2.3. Hormones and AD

Sex hormones may play important roles linked to sex vulnerability to aging and to AD. With regard to estrogen replacement in women, there is an enigmatic gap between the results of animal models and those in randomized control trials in humans [30]. In animal models, estrogen may be neuroprotective in the normal brain through a myriad of possible mechanisms [28,30,4548], including increasing hippocampal dendritic spine density [49], long-term potentiation [50], and neurotransmitters [51]; it may also be protective in the context of AD-related toxicity including decreasing cell death [52] and reducing Aβ accumulation and tau hyperphosphorylation [45]. Although many observational studies in women suggest that estrogen replacement improved aspects of cognition, the randomized, prospective clinical trials to test the hypothesis including the Women’s Health Initiative Memory Study (WHIMS) and the Kronos Early Estrogen Prevention Cognitive and Affective Study have not shown benefit [30,5357]. Reasons for the discrepancies require further investigation.

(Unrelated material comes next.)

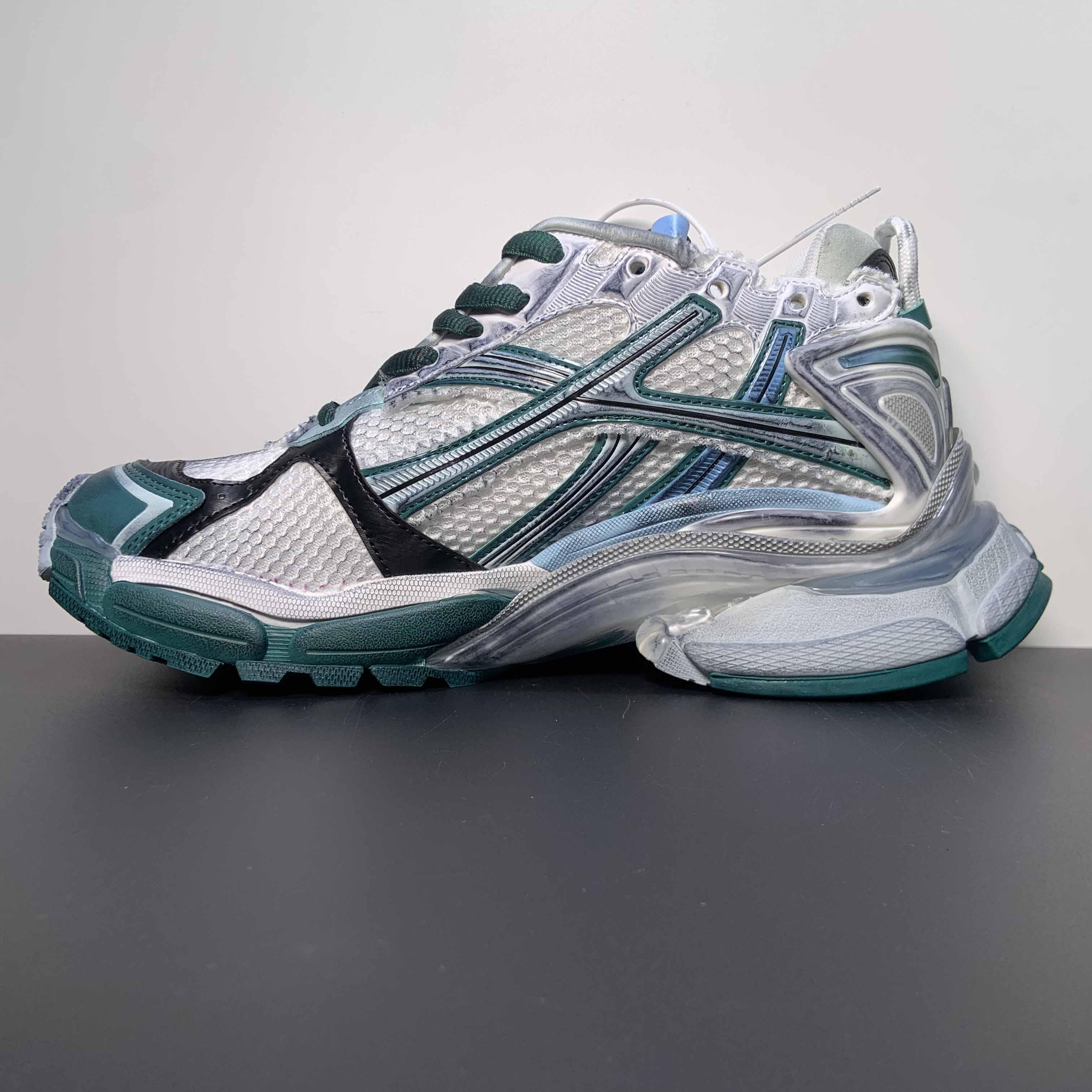 Balenciaga Runner Sneaker In White/Green And Blue - PerfectKickZ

Androgens have also been suggested to be protective against Aβ-induced pathology [5860], and age-related testosterone depletion is associated with AD [61]. In animal models, testosterone, dihydrotestosterone 40, and selective androgen receptor modulators [62] have been shown to improve cognitive performance in mice lacking mouse APOE and expressing ApoE4 in brain, whereas male mice expressing ApoE4 were more susceptible to cognitive impairments after treatment with androgen receptor blockers [63]. Consistent with these data, the effects of ApoE4 on cognition were modulated in mice expressing a dysfunctional androgen receptor, testicular feminization mutants (tfm) [64]. Sex differences in the distribution of estrogen receptors may also contribute to sex dimorphisms in cognitive and behavioral skills, as well as sex differences in brain structure, metabolism, synaptic plasticity, and the organization of neural circuits [65]. Differential exposure to hormones during development and adulthood may also contribute to physiologic outcomes relevant to disease.

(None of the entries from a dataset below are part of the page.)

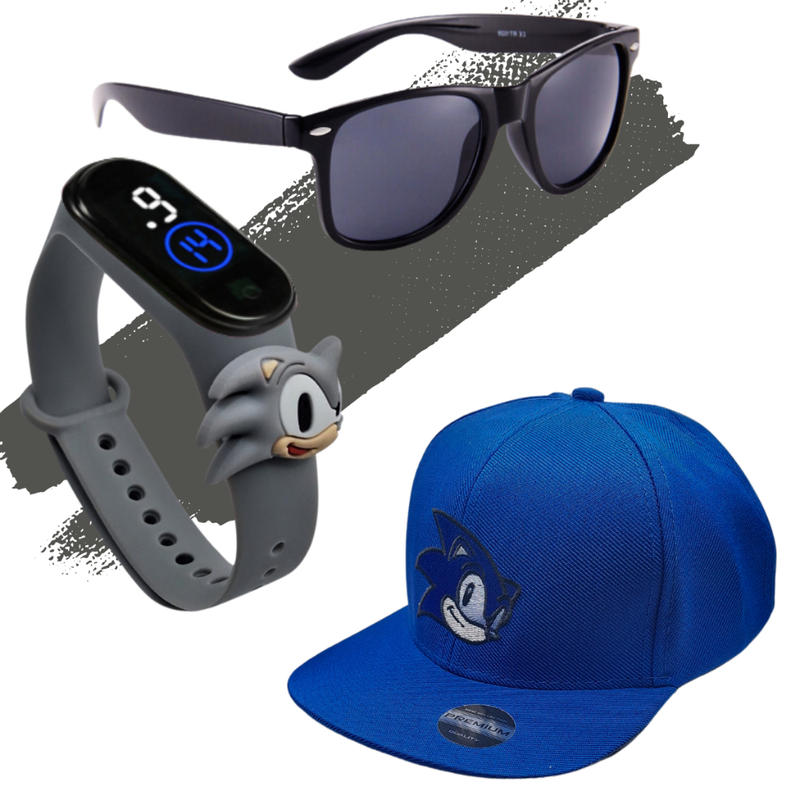 Kit Boné Infantil Óculos e Relógio de Led Digital Personagem Sonic Criança 04 a 12 Anos Barato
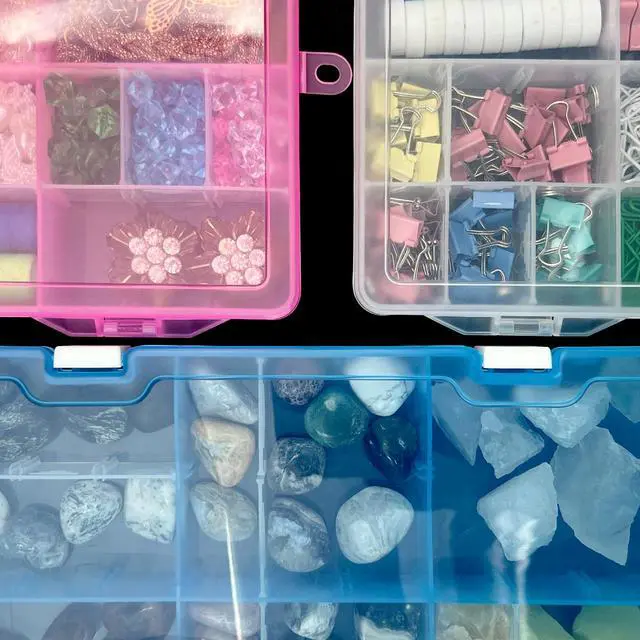 Alt view image 7 of 7 - Plastic Organizer Container Storage Box Adjustable Divider Removable Grid Compartment for Jewelry Beads Earring Container Tool Fishing Hook Small Accessories(34 Grids, White X 1)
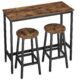 Masa pentru bucatarie/living/bar + 2 scaune, Artool, pal si otel, maro rustic, 100x40x90 cm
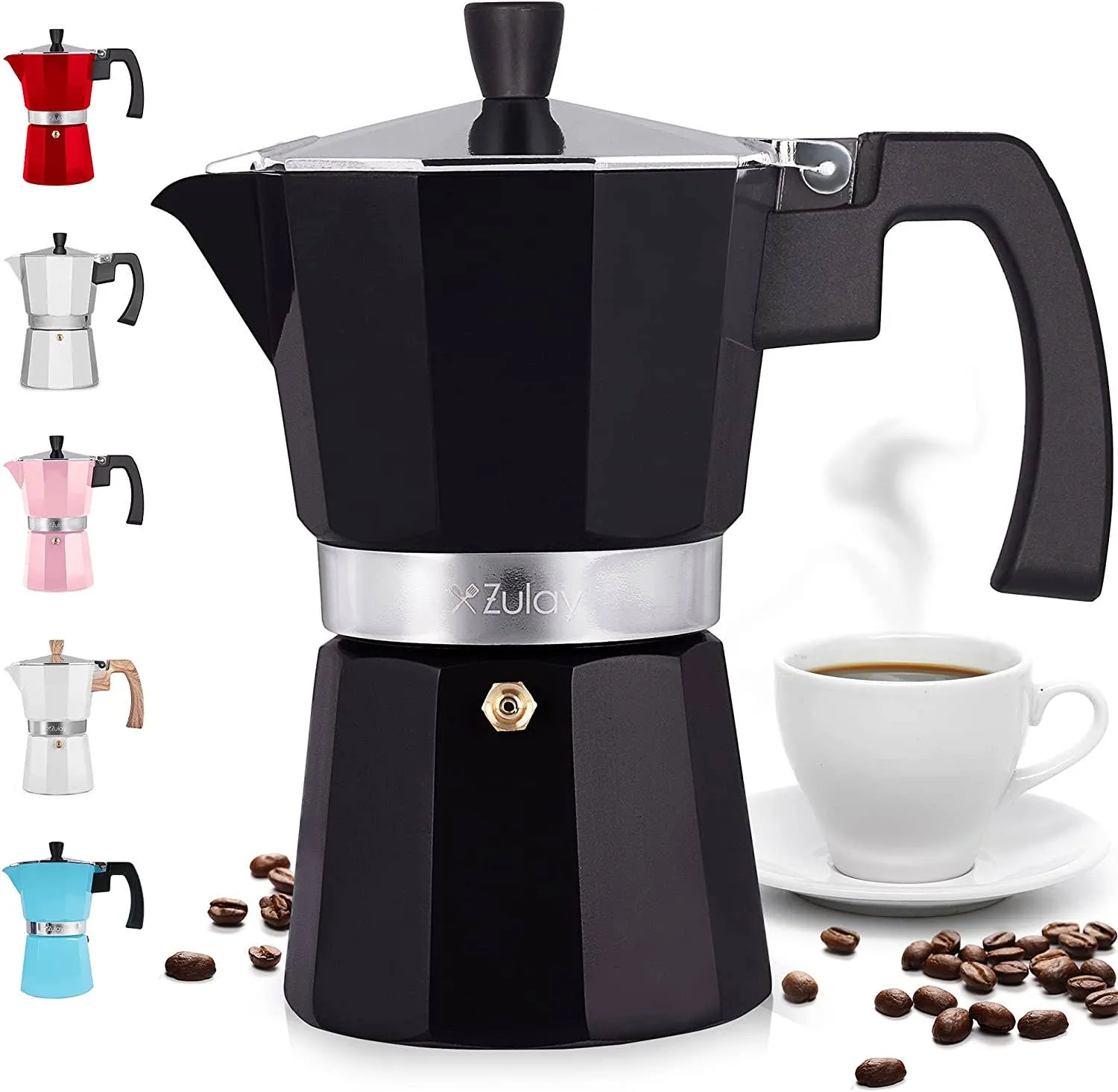 Classic Stovetop Espresso Cup Moka Pot: 5 cup - Dark Gray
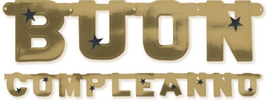 Festone Buon Compleanno Oro Stelle Nere "Stars"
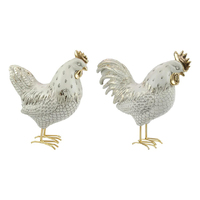 26CM HEN/ROOSTER W/GOLD AND WHITE FINISH 2ASST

Hormone studies with rhesus macaque monkeys mimic the hormonal changes in women throughout the life course and have reported that there are modest sex-based differences in how hormones affect cognitive decline as the monkeys age [66]. Specifically, female rhesus monkeys undergoing menopause experienced somewhat greater declines in executive function than did similarly aged males. Furthermore, female monkeys with surgically removed ovaries that received therapy of estradiol demonstrated significantly improved brain function, as measured by synaptic health [67]. More research is needed to understand the impact of hormone level fluctuation in relation to cognition at specific stages.

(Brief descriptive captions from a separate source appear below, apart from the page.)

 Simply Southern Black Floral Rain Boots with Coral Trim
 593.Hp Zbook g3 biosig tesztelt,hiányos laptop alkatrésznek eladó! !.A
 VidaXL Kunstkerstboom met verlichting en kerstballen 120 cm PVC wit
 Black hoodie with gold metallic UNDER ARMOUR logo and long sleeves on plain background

Although both sexes experience hormonal declines in midlife, the loss of estrogen in women during menopause is more abrupt than the loss of testosterone in middle-aged men [28]. Although women experience changes in hormonal levels throughout their life course, in recent years there has been a particular focus on the time period called perimenopause [68], during which the female body makes the natural transition toward menopause and experiences significant alterations and disruptions in hormone levels, especially estrogen and progesterone [69,70]. These hormonal changes lead not only to reproductive senescence but also to a wide range of neurologic symptoms, including disruptions in temperature regulation (i.e., “hot flashes” or “flushes”), sleep, cognition, and mood [71]. For example, studies suggest that the loss of estrogen during perimenopause may impact verbal memory [72].

Mechanistically, these neurologic symptoms may be related to metabolic dysregulation in the brain brought about by a decline in circulating estrogen [73]. Rodent studies suggest that estrogen regulates the bioenergetics system in the brain through the estrogen receptor network, enabling mitochondria to convert glucose into energy [71,73,74]. In mice, declining estrogen levels during menopause force a shift to a less efficient energy source—ketone bodies [75]. This process represents a kind of “starvation mechanism,” and its results appear to be irreversible. Furthermore, the loss of estrogen has also been linked to increased levels of A3, an effect which is modulated by APOE [76]. The role that metabolic pathways may play is discussed in Section 2.4; however, the degree to which these relationships are also observed in humans requires further study.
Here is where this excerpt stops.